Late last year in Australia’s The Monthly, Tim Winton wrote an essay on the urgent need for writers to look the climate crisis in the eye. Quoting Amitav Ghosh’s observation about the ‘patterns of evasion’ that continue to conceal the scale of the catastrophe, he argued that writers must overcome the habits of mind that treat the natural world as an inert externality. Instead, they must find ways to recognise that we are part of nature, and our fate is inseparable from the world around us. ‘We have difficult work to do,’ he declared. ‘And we’re late to the bushfire.’

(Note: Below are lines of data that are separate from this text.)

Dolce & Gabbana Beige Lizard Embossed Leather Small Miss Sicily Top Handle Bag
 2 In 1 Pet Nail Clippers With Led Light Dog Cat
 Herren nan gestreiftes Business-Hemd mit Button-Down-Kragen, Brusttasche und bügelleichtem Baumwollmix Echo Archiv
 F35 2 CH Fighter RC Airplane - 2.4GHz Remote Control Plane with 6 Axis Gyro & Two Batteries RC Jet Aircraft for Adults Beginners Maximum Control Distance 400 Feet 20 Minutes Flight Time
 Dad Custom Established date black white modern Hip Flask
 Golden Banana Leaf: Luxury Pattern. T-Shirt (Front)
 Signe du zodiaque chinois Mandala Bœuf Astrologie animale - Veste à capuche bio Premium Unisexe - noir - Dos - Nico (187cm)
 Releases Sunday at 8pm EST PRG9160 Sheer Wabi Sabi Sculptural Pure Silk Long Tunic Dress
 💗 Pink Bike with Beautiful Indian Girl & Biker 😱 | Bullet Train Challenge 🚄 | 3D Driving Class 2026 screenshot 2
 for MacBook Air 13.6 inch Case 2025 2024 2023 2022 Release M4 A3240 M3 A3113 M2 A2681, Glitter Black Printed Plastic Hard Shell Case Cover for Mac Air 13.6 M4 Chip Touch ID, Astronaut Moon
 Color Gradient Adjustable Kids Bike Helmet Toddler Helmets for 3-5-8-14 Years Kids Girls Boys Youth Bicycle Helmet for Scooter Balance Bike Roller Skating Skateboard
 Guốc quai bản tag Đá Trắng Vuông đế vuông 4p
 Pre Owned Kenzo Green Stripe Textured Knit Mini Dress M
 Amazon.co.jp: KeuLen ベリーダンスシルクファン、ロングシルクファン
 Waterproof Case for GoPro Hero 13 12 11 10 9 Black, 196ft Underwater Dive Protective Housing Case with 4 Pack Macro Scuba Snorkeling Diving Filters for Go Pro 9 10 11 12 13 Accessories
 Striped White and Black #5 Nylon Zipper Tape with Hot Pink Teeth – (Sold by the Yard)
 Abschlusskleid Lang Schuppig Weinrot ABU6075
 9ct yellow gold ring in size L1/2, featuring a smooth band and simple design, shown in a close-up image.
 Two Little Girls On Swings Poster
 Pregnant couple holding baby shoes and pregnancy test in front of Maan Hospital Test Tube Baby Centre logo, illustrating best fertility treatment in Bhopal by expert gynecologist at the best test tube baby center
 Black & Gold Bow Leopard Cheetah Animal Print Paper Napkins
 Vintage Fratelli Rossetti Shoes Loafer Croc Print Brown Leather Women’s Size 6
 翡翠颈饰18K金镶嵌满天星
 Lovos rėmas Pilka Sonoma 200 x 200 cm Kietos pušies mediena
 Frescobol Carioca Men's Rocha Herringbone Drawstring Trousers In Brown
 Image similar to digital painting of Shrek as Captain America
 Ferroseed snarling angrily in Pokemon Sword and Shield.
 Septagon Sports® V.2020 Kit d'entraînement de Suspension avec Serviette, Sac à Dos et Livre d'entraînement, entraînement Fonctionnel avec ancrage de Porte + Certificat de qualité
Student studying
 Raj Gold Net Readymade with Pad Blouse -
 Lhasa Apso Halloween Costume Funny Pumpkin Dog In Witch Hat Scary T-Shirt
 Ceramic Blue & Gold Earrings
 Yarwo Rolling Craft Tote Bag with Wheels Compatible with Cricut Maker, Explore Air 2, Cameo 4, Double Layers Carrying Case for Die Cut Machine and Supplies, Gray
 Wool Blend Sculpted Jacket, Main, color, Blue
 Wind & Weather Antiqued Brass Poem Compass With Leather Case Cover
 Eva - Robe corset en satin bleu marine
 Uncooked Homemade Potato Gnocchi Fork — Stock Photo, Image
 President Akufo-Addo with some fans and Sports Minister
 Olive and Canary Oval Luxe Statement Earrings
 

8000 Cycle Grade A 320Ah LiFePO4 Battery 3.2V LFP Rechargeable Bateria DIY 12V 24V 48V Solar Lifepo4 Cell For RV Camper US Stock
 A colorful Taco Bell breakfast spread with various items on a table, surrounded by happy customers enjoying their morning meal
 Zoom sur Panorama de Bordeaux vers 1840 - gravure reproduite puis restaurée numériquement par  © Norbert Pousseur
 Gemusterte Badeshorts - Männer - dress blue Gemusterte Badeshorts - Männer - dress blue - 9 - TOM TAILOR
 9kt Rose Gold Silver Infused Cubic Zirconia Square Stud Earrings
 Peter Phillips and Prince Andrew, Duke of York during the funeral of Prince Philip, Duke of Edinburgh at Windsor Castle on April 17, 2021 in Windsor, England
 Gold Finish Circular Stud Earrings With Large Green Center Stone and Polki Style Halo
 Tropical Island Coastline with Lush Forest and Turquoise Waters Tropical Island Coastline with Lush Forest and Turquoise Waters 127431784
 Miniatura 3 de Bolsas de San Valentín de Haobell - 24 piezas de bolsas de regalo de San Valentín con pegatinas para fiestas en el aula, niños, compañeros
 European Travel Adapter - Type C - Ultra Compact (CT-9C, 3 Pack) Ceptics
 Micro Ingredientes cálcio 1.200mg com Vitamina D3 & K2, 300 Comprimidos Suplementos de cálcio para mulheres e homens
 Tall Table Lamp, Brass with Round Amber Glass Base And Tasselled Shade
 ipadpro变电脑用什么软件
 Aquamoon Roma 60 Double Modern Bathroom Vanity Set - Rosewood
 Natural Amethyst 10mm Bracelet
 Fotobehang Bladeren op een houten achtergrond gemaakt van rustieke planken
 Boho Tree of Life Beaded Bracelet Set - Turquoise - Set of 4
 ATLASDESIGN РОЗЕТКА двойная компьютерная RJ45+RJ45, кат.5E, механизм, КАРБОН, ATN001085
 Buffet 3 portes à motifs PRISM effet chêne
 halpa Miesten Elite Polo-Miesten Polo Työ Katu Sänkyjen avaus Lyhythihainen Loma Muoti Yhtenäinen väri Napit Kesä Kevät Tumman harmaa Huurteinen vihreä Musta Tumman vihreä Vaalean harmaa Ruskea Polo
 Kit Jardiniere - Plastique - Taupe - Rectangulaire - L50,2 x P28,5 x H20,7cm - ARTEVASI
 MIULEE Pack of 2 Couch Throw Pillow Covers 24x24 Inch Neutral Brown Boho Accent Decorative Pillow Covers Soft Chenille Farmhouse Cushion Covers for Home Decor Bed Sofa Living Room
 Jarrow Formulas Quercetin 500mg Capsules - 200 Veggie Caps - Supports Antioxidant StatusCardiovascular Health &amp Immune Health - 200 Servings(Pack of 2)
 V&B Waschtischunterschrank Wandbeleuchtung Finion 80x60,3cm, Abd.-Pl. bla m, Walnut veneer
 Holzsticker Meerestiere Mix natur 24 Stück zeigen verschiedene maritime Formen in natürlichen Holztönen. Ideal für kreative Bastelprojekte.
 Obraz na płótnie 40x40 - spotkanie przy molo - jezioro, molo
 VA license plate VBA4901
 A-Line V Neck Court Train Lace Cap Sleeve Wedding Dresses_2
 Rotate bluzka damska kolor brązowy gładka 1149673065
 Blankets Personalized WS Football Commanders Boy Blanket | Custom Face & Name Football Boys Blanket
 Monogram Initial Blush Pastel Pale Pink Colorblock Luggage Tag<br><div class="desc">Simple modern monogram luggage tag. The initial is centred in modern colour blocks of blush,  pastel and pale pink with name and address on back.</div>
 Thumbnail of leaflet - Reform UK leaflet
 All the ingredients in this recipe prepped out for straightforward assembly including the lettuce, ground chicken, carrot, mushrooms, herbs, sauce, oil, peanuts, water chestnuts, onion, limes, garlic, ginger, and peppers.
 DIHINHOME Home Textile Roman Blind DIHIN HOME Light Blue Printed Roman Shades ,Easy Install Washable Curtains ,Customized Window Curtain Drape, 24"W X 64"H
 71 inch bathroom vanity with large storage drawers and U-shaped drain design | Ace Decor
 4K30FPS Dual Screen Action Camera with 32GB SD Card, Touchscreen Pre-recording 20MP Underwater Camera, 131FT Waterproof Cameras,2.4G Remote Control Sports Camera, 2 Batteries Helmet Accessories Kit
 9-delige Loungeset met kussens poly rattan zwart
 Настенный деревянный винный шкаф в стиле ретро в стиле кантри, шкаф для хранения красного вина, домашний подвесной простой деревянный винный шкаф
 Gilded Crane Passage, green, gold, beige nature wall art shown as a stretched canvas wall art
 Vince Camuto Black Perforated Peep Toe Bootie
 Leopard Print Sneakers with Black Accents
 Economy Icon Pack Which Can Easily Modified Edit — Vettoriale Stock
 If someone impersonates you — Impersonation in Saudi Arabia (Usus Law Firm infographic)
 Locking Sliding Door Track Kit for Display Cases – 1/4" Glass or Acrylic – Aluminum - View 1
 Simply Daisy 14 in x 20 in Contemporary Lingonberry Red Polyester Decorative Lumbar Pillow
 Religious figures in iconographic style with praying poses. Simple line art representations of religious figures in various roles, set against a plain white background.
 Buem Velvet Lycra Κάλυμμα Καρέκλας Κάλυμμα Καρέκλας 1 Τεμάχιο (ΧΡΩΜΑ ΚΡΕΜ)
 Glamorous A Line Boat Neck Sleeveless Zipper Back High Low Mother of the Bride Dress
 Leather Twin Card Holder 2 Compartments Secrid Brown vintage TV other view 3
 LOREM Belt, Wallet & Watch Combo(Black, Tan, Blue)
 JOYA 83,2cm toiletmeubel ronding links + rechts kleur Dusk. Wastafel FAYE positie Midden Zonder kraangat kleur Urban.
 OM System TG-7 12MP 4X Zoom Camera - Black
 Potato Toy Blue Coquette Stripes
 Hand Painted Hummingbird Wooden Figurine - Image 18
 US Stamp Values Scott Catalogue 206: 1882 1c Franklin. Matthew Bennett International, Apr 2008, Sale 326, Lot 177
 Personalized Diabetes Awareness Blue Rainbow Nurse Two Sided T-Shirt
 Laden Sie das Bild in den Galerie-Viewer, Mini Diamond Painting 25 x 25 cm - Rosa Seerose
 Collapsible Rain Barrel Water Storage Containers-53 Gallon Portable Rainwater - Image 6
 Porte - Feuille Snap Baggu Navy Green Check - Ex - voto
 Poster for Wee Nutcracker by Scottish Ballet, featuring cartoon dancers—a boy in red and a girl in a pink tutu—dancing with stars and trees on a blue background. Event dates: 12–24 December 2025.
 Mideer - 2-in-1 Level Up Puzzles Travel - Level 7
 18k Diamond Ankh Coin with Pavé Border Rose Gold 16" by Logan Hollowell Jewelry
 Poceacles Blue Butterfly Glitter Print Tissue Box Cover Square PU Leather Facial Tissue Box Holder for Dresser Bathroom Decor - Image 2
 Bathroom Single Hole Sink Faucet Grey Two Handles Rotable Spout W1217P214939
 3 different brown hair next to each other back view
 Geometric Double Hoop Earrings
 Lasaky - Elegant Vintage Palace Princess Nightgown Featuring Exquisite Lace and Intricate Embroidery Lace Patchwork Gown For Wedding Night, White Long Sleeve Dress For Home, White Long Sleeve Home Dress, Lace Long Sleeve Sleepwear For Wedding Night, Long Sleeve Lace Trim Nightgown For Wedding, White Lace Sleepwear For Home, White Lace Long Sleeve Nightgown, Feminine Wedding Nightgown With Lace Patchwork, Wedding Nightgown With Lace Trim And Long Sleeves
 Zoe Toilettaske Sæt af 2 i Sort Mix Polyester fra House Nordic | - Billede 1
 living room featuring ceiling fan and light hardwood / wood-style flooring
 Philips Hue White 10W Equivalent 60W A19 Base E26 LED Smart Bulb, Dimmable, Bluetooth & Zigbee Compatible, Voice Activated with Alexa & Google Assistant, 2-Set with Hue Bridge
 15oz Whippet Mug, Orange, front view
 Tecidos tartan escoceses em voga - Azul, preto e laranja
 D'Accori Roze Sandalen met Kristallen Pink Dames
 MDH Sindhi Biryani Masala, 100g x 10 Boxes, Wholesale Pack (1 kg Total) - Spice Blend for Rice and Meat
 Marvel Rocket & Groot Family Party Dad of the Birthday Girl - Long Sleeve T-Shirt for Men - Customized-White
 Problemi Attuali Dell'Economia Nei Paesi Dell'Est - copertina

Of course, Winton is not someone who could ever be accused of treating the natural world as mere window-dressing. For more than 40 years, his fiction has been engaged in an ongoing conversation with the Australian landscape and the legacies of beauty and trauma encoded within it. Nonetheless, it’s difficult not to read his latest novel, Juice, as an attempt to rise to his own challenge. Set several generations from now in a world transformed by rising temperatures, and incorporating explicitly science fictional elements such as synthetic humans and energy weapons, it takes aim at the economic systems and industries that are driving the climate crisis. It also explores ideas of connection and the possibility of hope in dark times.
The unnamed narrator is raised in a homestead on North West Cape/Palydi Manu, halfway up Western Australia’s coast – ‘not a place for the faint-hearted’. The summers are so hot that the only way to survive them is to retreat underground: in winter, staying too long outside can also be deadly.